In traditional wedding vows there is a part that goes something like, “Do you promise to love and cherish each other, until death do you part?” I still remind a married friend of mine about the time I was walking with him and his wife during a rain storm. A car came barreling down the street, hit a huge puddle of water and my friend quickly ducked behind his wife to avoid the splash. Instead, she got smacked with a wall of water that totally drenched her. I still tease him that their vows must have overlooked the part about protecting one another. In this comedy we find a man so in love with his girlfriend, he was willing to put his life in jeopardy for her. Yul Perkins aka Charlie Bronson, played by Dax Shepard (When in Rome, Baby Mama), was in the witness protection program after testifying against his old friend Alex, played by Bradley Cooper (The Words, The A-Team). When Charlie’s girlfriend Annie Bean, played by Kristen Bell (Big Miracle, Veronica Mars-TV), needed to be in Los Angeles for a job interview, Charlie insisted on driving her. Their road trip turned into a madcap racing adventure as former convict Alex, an ex-boyfriend of Annie’s and U.S. Marshal Randy Anderson, played by Tom Arnold (True Lies, Roseanne-TV), pursued the young couple. Real life couple Kristen and Dax were good together in their roles, quite believable. Tom Arnold easily handled most of the screwball comedy scenes. I gave Dax credit for writing the script besides doing director duty. Several scenes were funny and I liked some of the dialog. My issue with the movie was its similarity to other comedy chase movies. The Bradley Cooper character seemed false to me. While the movie played I cannot say I was totally bored; however, I was not all that invested in the story either. What people do for love and what movie critics do for reviews, is not always a marriage made in heaven.


2 1/3 stars 


Flash Movie Review: The Words

After the layers are peeled away, the one thing that we have left is our word. I place a high value on a person’s word. One of my biggest pet peeves has been someone telling me they will do something, then not following through with it.
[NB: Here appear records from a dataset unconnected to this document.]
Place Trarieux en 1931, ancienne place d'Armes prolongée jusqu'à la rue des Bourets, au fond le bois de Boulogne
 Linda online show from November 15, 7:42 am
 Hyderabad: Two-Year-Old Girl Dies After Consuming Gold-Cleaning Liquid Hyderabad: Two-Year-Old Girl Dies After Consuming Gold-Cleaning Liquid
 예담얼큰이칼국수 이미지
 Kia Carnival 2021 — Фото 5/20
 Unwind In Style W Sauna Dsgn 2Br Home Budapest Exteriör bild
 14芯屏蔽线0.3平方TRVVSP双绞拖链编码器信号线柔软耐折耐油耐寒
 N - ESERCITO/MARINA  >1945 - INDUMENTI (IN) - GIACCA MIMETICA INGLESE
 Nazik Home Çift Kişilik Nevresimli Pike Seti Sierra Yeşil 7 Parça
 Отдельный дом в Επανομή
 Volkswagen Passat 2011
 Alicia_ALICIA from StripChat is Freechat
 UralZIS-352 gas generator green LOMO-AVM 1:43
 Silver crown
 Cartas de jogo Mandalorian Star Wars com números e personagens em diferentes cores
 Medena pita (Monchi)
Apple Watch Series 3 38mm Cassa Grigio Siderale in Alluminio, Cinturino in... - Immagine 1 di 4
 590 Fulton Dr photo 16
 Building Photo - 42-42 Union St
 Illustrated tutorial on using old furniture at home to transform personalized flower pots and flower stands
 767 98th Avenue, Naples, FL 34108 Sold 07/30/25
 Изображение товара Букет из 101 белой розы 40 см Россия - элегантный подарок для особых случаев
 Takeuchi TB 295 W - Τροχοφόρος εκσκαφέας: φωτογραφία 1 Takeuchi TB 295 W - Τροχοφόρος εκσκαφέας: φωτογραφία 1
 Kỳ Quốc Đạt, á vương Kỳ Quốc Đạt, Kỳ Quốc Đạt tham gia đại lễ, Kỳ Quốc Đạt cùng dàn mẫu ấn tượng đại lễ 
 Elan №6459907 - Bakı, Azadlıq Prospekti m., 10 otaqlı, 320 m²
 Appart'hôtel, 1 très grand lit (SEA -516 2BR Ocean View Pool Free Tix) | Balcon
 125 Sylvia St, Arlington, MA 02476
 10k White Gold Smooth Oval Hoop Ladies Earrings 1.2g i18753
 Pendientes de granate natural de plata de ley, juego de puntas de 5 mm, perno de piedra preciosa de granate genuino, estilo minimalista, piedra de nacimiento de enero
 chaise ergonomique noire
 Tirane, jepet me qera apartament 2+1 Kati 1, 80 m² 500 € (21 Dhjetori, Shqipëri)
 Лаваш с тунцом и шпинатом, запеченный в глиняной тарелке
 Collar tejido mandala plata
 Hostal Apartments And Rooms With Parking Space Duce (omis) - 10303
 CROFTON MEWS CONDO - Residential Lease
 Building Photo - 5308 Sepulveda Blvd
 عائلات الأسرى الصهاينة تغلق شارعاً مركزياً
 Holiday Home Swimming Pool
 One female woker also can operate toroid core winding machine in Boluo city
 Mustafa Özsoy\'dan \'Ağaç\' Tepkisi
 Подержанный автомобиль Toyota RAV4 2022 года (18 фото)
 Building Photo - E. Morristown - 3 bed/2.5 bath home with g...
When a person does not place importance on their word, it bruises my trust in them. There are always consequences to such actions and writer Rory Jansen, played by Bradley Cooper (Limitless, Hit and Run), would eventually find this out. Discovering an unnamed manuscript inside an old briefcase his wife Dora, played by Zoe Saldana (Star Trek, Columbiana), bought him; Rory chose to take the story and copy it word for word. When Dora found and read the magnificent story she thought her husband had written, that was the little push Rory needed to move forward and see if he could get “his” book published. Not only was the book published, but it became a huge bestseller; with its touching story about a young couple falling in love. This dramatic film almost had all the pieces to be an outstanding movie, but sadly did not achieve it. The issue I had with the movie was the running of 3 story lines simultaneously. If the focus was narrowed to Rory’s story line and the book’s tale, that would have been more than enough. The cast’s acting was good, with Jeremy Irons (Dead Ringers, Margin Call) doing a wonderful bit of acting as the Old Man. It really was a shame more time wasn’t spent on editing the story and allowing the characters more depth and back story. I am not sure why, but the movie attracted an elderly crowd; who came prepared with their own bags of candy. At the end of the film I felt let down. Words are what make us human; actions are what defines us.